Review by Judith Caldwell
               Hamilton is very fortunate to have Rachel Mercer living here.  She is a cellist and also the Artistic Director for 5 @ the First, a concert series of chamber music which features many of her extremely talented friends.  On Saturday evening the featured guest was Yao Guang Zhai, a young Chinese clarinet player who is currently associate principal clarinet with the Toronto Symphony.  He performed duets and a trio with Mercer on cello & Angela Park on piano.

Park & Zhai

Park and Zhai…post performance


The first duet was Park and Zhai playing Johannes Brahms Sonata in F minor.  This is one of the last pieces Brahms wrote before his death and is considered to be a pivotal piece in the clarinet repertoire as it was the first to explore the many ‘colours’ of the clarinet range and it influenced later composers.  The opening allegro is very passionate and grand and the instruments carry equal weight; then the andante is full of longing and wistfulness from the clarinet and the piano only joins in later; the allegretto is cheerful and up beat; and the final vivace is a fun, scampering romp.  This Sonata showed the flawless technique and commitment to the music of each of these performers.
The first half of the concert wrapped up with Park and Zhai playing Luigi Bassi’s ‘Rigoletto Fantasy’, a virtuoso piece of extreme difficulty with rollicking trills and scales which showed off Zhai’s circular breathing ability and total control.
After intermission it was on to Debussy with the guest & Park playing his Premiere Rhapsodie for clarinet and piano. The reading was a typically dreamy impressionistic Debussy, who explores sound in much the same way that Monet explores light in his paintings.  The clarinet part was evocative of Parisian life and suggestive of later Gershwin compositions.
The evening ended with Beethoven’s Piano Trio in B flat major with Rachel Mercer joining the duo.
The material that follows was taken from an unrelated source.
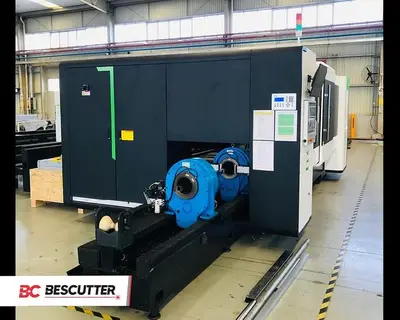2026 Bescutter FLY PRO 5'X10' | 1500W - 6000W IPG | Fiber Laser Metal Sheet and Pipe Cutter Full Enclosure with Parallel Shuttle Table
This trio was written early in Beethoven’s career and is scored for either violin or clarinet, which was a new instrument at the time and the key of B flat was probably chosen to ease the fast playing on the B flat clarinet.  The final Allegretto is very familiar and has a wonderful piano part full of ostentation followed by the clarinet and cello singing together.  This is a wonderful piece to show off the talents of the three gifted musicians.    Judging by the growing size of the audience, more and more people in Hamilton are realizing that one does not have to go far to hear 1st-class chamber music.  The next concert is a fund raiser called Cello Bellas featuring five cellists and will be held at First Unitarian Church, 170 Dundurn Street South on April 12th, at 7.30pm.